— Task goal —
From the listing below, output the lines between the one with "TRANSFER OF THE" and the one with "歯科医師国家試験 第114回 C83問題 | 歯科国試ドットコム", including those two, and nothing else. Pictures are not copied.

— Input material —
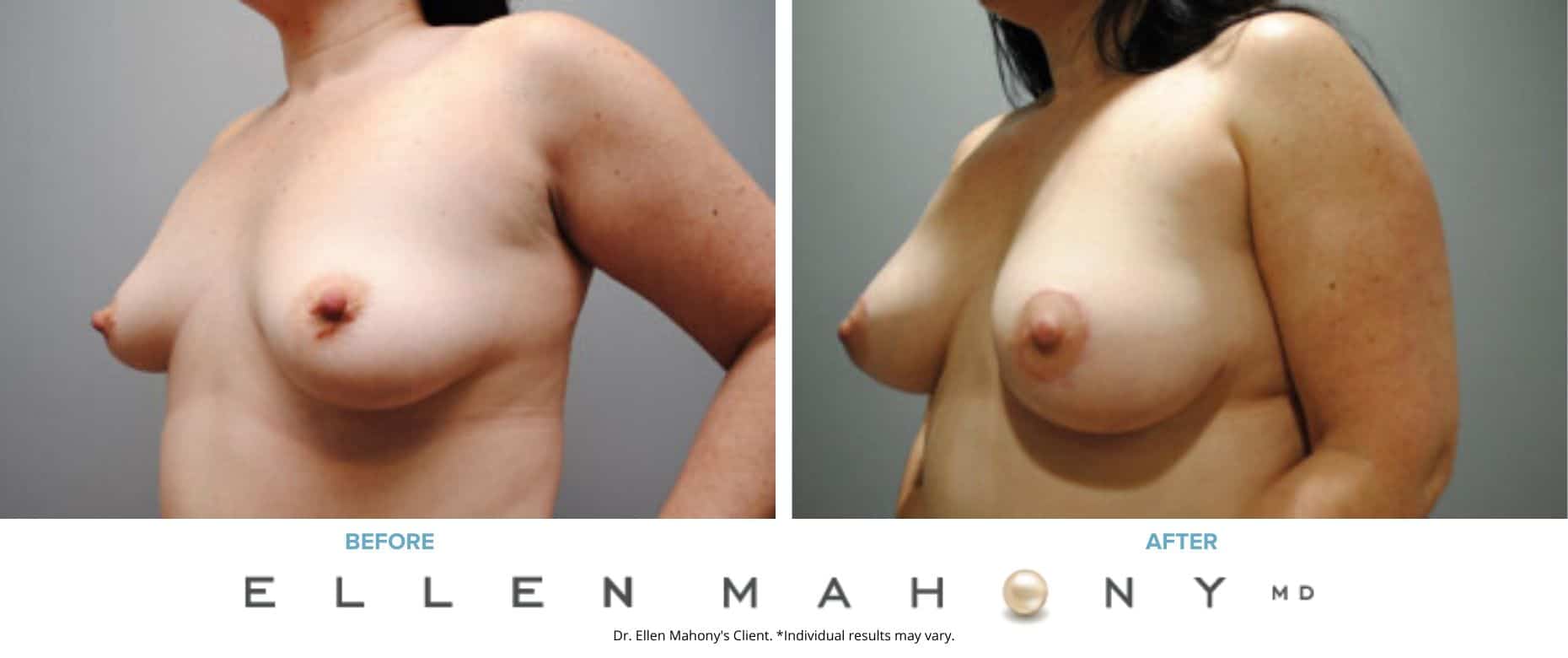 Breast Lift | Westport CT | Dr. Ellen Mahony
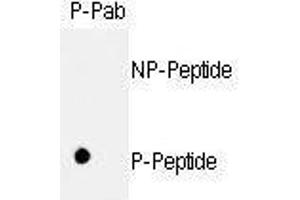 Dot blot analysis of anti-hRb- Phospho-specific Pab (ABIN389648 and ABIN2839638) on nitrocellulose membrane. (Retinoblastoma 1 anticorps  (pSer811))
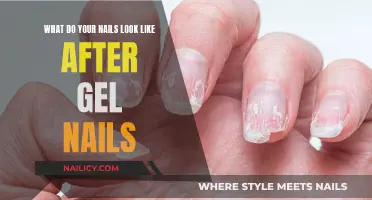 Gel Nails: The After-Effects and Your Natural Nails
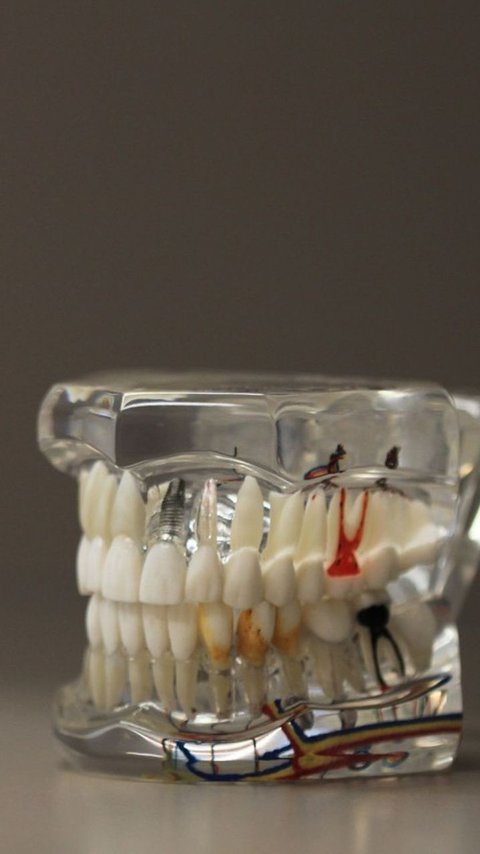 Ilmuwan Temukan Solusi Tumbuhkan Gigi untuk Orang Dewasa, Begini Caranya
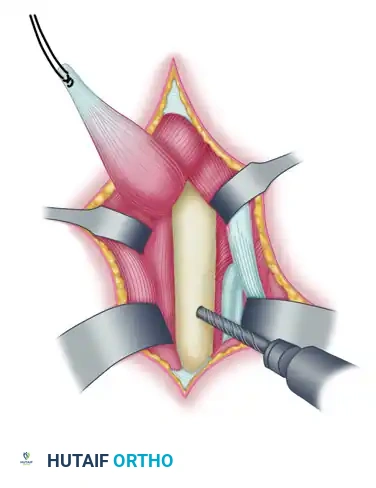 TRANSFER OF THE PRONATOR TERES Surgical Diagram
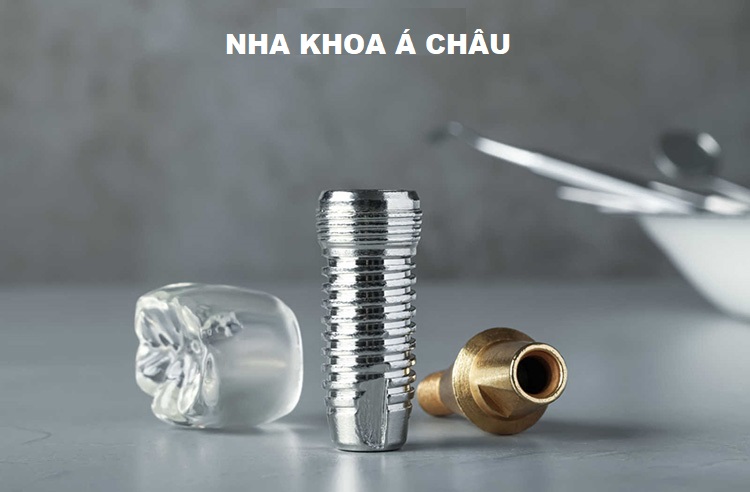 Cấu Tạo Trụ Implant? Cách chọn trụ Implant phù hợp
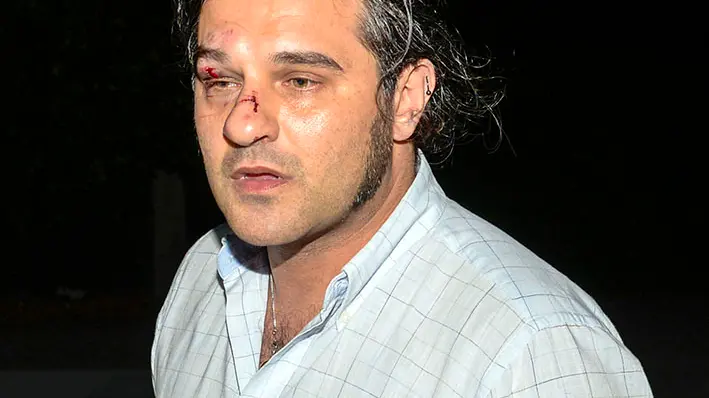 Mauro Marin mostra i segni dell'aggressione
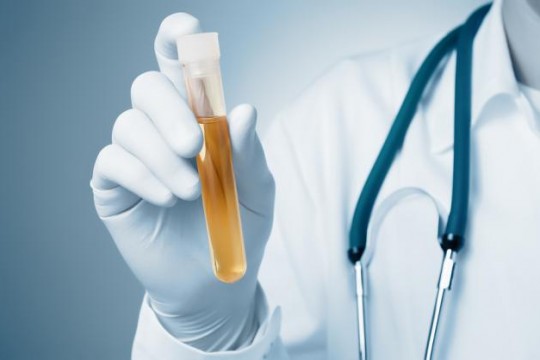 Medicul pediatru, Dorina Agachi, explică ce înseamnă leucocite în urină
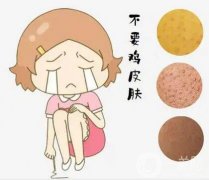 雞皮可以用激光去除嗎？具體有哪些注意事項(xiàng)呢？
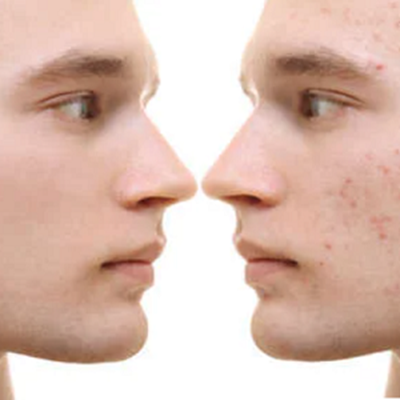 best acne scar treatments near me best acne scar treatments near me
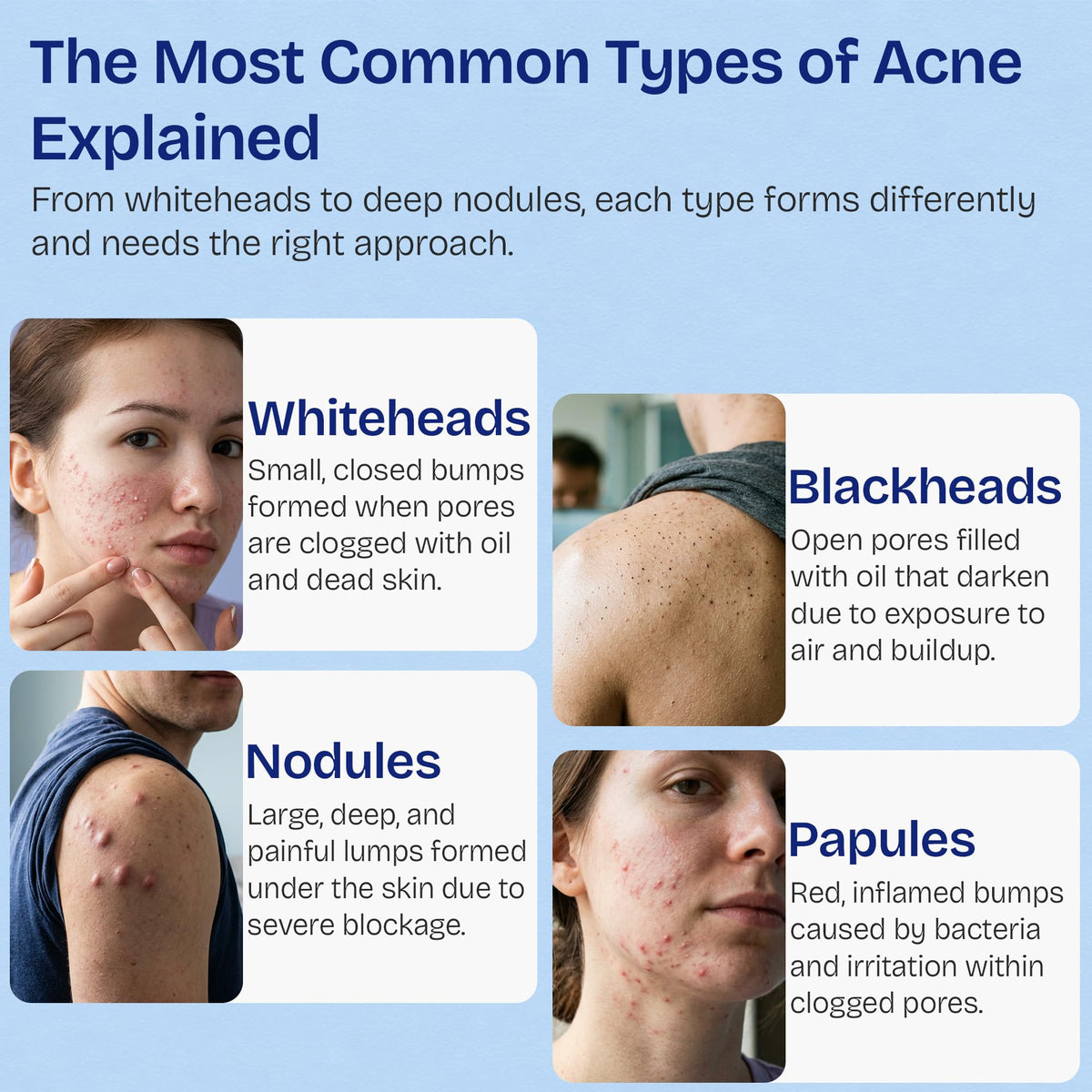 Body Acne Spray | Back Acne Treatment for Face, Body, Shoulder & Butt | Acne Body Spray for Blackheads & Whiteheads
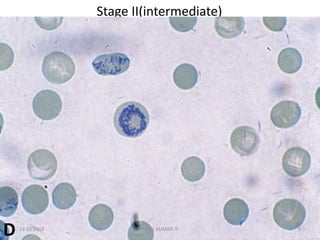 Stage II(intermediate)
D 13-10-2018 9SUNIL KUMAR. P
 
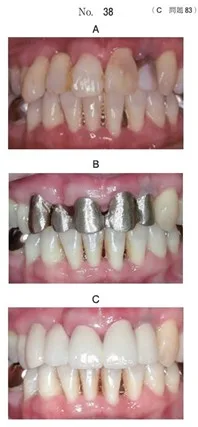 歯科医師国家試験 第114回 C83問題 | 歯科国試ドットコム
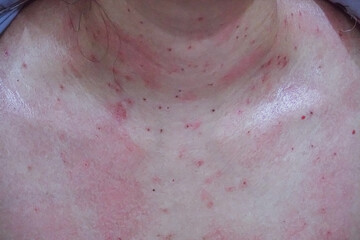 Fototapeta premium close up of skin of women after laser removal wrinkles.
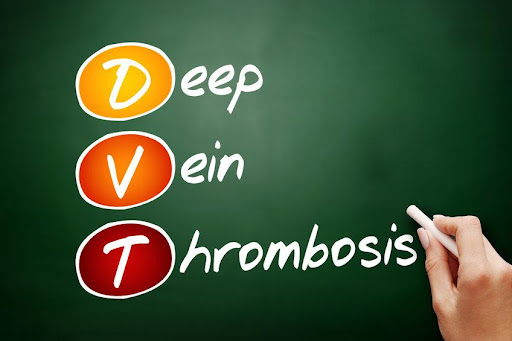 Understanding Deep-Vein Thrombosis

— Worked solution —
 TRANSFER OF THE PRONATOR TERES Surgical Diagram
 Cấu Tạo Trụ Implant? Cách chọn trụ Implant phù hợp
 Mauro Marin mostra i segni dell'aggressione
 Medicul pediatru, Dorina Agachi, explică ce înseamnă leucocite în urină
 雞皮可以用激光去除嗎？具體有哪些注意事項(xiàng)呢？
 best acne scar treatments near me best acne scar treatments near me
 Body Acne Spray | Back Acne Treatment for Face, Body, Shoulder & Butt | Acne Body Spray for Blackheads & Whiteheads
 Stage II(intermediate)
D 13-10-2018 9SUNIL KUMAR. P
 
 歯科医師国家試験 第114回 C83問題 | 歯科国試ドットコム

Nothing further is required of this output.